The Helen Stevens Gallery

Gouache

Pronounced "gwash" (rhymes with squash) is a French word derived from the Italian word guazzo, meaning "a watering place."

Gouache is an opaque watercolor based medium that has been used for centuries in fine art and design application. It produces rich, vividly colored paintings with a characteristically velvety matte finish. Gouache forms an opaque layer on top of the paper; it is not a stain like most watercolors.

Gouache consists of pigments in a water-soluble binder (gum Arabic) with preservative and plasticizer (glycerin). The pigment in gouache is slightly larger than in watercolor and the ratio of binder to pigment is greater. Thinning with watercreates a semi transparent look much like (aquarelle) watercolor. Using less water it is thicker and has a substance and body approaching oils. However, eliminating the oils means that it will not yellow with age so as long as permanent colors (versus designer colors) are used, permanency of color is comparable to, or some feel superior to, that of oils.

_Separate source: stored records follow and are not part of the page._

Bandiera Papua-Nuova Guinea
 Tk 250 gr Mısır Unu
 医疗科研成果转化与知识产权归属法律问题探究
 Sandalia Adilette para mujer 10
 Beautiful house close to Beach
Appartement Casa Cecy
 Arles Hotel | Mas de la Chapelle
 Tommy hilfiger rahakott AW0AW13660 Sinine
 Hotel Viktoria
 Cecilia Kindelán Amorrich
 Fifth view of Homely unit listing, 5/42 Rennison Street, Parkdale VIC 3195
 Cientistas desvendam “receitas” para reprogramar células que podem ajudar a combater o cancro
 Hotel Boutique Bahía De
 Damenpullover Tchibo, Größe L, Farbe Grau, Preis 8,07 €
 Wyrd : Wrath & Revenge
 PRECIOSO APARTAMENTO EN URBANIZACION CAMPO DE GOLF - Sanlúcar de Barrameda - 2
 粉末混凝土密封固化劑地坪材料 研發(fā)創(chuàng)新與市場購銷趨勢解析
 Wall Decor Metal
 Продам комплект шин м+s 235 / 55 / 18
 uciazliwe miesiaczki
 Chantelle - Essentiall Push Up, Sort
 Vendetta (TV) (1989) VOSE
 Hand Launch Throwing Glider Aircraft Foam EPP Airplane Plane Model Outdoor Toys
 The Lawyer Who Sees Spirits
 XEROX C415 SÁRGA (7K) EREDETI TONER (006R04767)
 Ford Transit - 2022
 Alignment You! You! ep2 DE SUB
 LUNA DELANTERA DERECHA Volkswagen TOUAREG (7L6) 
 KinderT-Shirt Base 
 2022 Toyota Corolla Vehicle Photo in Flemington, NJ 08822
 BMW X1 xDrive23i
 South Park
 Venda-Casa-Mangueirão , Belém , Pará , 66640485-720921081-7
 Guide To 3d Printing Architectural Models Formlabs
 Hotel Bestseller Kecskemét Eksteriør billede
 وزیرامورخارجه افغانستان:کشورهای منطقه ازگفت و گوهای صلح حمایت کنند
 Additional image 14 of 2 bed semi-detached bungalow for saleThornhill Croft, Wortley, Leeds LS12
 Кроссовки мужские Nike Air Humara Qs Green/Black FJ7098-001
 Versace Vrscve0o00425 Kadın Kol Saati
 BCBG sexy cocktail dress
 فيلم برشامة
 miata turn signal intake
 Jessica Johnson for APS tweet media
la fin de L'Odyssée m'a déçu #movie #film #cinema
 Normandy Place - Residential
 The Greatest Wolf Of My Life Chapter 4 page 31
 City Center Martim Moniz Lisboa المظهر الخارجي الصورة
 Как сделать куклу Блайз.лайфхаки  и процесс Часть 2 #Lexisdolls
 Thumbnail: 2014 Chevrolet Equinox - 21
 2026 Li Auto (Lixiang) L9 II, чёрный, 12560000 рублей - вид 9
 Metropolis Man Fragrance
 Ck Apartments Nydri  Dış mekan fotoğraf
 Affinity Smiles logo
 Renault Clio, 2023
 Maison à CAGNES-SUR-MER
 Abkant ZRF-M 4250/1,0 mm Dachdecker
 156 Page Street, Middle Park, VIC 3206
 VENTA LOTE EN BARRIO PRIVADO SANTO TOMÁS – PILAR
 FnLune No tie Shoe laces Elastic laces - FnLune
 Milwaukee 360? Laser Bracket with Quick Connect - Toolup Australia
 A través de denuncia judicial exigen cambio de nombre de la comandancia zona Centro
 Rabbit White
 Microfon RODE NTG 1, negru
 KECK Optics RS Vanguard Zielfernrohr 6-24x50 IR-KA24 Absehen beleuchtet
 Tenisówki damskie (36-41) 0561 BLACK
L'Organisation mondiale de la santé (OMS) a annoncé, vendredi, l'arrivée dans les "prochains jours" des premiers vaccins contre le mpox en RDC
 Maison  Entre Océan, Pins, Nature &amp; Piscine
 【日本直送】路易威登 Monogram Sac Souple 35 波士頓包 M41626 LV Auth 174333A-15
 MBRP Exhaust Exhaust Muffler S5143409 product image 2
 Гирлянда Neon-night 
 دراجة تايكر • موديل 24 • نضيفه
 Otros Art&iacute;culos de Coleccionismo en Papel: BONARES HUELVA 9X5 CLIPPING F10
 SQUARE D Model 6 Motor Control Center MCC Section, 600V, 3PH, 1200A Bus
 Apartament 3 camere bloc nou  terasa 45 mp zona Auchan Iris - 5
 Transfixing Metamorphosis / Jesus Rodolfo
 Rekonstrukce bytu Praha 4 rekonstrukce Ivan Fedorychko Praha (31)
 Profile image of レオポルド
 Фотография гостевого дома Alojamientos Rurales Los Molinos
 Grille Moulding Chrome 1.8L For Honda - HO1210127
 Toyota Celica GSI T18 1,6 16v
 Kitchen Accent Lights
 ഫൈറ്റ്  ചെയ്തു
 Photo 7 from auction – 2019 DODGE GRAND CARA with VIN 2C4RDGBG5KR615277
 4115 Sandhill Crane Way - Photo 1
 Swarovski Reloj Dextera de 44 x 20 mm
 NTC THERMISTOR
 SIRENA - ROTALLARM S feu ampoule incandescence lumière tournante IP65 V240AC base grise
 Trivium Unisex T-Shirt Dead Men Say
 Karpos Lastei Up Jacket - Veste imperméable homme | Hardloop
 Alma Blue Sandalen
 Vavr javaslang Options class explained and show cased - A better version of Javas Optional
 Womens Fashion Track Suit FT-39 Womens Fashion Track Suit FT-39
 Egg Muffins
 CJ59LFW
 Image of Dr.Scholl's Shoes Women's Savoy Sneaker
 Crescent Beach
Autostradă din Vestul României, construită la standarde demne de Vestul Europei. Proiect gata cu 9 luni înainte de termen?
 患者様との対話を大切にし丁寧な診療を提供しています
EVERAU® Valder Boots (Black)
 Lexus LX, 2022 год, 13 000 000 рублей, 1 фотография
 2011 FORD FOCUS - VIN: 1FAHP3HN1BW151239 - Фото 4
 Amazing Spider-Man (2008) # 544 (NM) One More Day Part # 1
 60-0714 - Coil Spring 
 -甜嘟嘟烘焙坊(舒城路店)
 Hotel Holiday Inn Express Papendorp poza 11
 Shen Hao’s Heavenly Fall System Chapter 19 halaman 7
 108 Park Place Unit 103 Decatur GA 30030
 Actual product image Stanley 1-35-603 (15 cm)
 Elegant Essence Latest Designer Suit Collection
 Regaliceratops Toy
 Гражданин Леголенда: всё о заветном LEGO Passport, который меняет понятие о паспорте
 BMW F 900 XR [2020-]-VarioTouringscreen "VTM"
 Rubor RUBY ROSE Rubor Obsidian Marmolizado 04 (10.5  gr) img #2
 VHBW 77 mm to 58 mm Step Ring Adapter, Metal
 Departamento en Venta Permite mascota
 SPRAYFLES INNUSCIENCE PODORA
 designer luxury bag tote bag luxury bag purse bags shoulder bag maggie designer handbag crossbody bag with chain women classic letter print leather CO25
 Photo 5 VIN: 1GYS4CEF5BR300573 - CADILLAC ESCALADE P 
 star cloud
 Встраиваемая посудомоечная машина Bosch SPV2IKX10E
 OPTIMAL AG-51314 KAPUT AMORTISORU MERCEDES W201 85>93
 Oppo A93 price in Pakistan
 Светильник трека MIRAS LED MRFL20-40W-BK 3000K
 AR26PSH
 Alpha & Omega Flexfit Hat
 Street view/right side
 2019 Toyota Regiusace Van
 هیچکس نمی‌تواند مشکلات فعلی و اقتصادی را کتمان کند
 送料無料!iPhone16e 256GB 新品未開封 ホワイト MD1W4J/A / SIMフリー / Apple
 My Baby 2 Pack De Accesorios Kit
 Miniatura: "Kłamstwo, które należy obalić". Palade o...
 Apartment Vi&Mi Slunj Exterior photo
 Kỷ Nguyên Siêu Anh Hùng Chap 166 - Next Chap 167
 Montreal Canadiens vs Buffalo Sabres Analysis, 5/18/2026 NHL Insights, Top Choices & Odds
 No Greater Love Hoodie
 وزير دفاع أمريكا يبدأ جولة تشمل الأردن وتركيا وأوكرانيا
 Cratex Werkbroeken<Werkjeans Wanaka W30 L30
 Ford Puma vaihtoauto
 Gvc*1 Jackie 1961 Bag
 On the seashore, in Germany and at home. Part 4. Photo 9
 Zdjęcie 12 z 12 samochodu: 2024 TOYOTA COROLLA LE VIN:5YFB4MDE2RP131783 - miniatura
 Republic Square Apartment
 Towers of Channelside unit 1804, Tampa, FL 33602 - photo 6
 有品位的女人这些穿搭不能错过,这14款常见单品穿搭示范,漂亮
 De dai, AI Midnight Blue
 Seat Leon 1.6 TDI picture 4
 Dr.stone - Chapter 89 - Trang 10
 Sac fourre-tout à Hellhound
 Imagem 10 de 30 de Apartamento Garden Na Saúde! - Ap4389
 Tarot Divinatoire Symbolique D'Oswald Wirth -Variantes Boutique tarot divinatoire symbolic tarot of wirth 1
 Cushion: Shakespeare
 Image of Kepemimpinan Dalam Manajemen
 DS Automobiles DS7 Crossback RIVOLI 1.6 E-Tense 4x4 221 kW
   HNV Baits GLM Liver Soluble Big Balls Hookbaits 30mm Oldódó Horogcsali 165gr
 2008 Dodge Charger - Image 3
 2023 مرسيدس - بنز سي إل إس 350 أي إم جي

Depending on the technique used, gouache can be a difficult, quirky, medium to master. Because the paint does not change chemically when drying it's vulnerable to water damage and should be framed under glass with acid free materials.

Helen Stevens uses the finest 100% rag, ph neutral, hot press watercolor paper for her work. Combining this quality of paper with a professional grade of gouache creates works of lasting permanence and beauty.